Le 19 septembre dernier se tenait devant la Maison de l’architecture de Normandie une initiative singulière proposant des réflexions autour de la place de Parking et de son appropriation. Pour l’anecdote, le chantier Mabon tire son nom d’une ancienne fête païenne d’origine celtique visant à célébrer l’équinoxe d’automne durant la période des récoltes précédant l’hiver. De nombreuses activités ont donc été organisées autour de cette thématique ; notamment la conception de bocaux pour l’hiver (ratatouille, coulis de tomate, confitures…) ainsi qu’un repas à partager avec les organisateurs et les habitants du quartier.
Assez peu coutumiers de voir cette rue animée, les Rouennais sont venus échanger sur les initiatives à mettre en place pour une ville plus proche des désirs de ceux qui la vivent. En parallèle se tenait la clôture de l’exposition Réenchanter le monde, prolongée jusqu’au 19 septembre, qui offrait également quelques belles pistes de réflexion sur la réappropriation de l’habitat (par ses habitants) à travers le monde.
Rachel Doumerc et Maxime Bricheux sont les deux fondateurs de l’association havraise Terr’O à l’origine de cette journée en partenariat avec Médium Argent, Le Collectif d’En Face, Le Havre de Vers et la MAN. Souhaitant créer un groupe de réflexion autour du territoire et de son appropriation, ils ont recueilli, le temps d’une journée, les souhaits et les envies des habitants. Si le titre de cet article peut ressembler à un mauvais slogan de campagne électorale, le dispositif en lui-même permettait d’interroger la ville contemporaine, essentiellement planifiée autour de l’usage de la voiture individuelle.
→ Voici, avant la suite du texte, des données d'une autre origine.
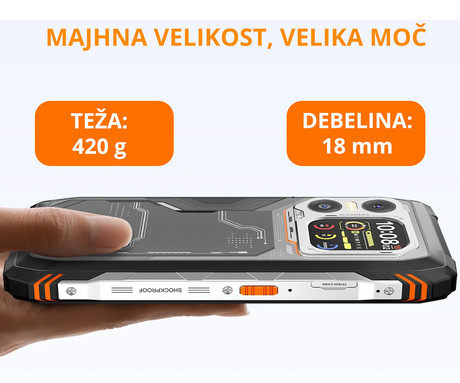 Blackview XPLORE X1 robustni pametni telefon, 6.78", 5G VoLTE, 12GB+256GB, 2.4K FHD+ IPS, 120Hz, Android, 3v1 AI, 10000mAh, WIFI 6, BT 5.2, Dual SIM, GPS, NFC, 2" zadnji zaslon, oranžen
Que faire sur une place de parking et comment utiliser les espaces publics autrement ?

Chantier Mabon, 19 septembre 2020 – © TERR’O
La parole des interrogés sera restituée du 16 au 18 octobre dans les locaux de Médium Argent. Rachel et Maxime me font toutefois part de leurs premières observations avant l’événement. Sans surprise, et comme bon nombre d’entre nous avons pu le ressentir pendant le confinement, les Rouennais sont désireux de retrouver plus d’espaces verts. « Les gens souhaitent pouvoir planter à côté de chez eux, voir plus de porosité entre la ville et la campagne et remettre le vivant au cœur des réflexions. Il y a également de grosses attentes en ce qui concerne la place du vélo en ville et les infrastructures qui y sont liées. Et puis il y a surtout une volonté de « faire ensemble », de recréer des dynamiques de solidarité, de se réunir autour d’ateliers, de pouvoir faire de la céramique ou de la peinture… de se retrouver en somme. L’espace public doit aussi pouvoir être un lieu de conception et de création. »
Si la pandémie de la Covid-19 a pu accélérer ces tendances pendant le confinement, les grandes métropoles françaises tentent déjà depuis quelques années d’intégrer les problématiques écologiques au sein de leurs politiques publiques. En vient toujours l’éternel débat entre la conception des projets, leur application et l’usage quotidien qu’en feront les usagers. Peut-on encore penser la ville en vase clos, entre décideurs, sans impliquer les citoyens dans la conduite de ces transformations ? Si parfois les programmes politiques ou les propositions des promoteurs intègrent l’idée de co-conception et de participation citoyenne, des décalages subsistent dans l’application de bonnes résolutions qui coïncident trop souvent avec les échéances électorales…
Les propositions de l’association Terr’O, comme il en existe certainement dans de nombreuses autres villes, ont le mérite de renouer avec l’idée simple et démocratique de ce que pourrait être « la politique », du moins localement ; celle de s’organiser autour d’intérêts communs et de concevoir collectivement des espaces par celles et ceux qui les occupent.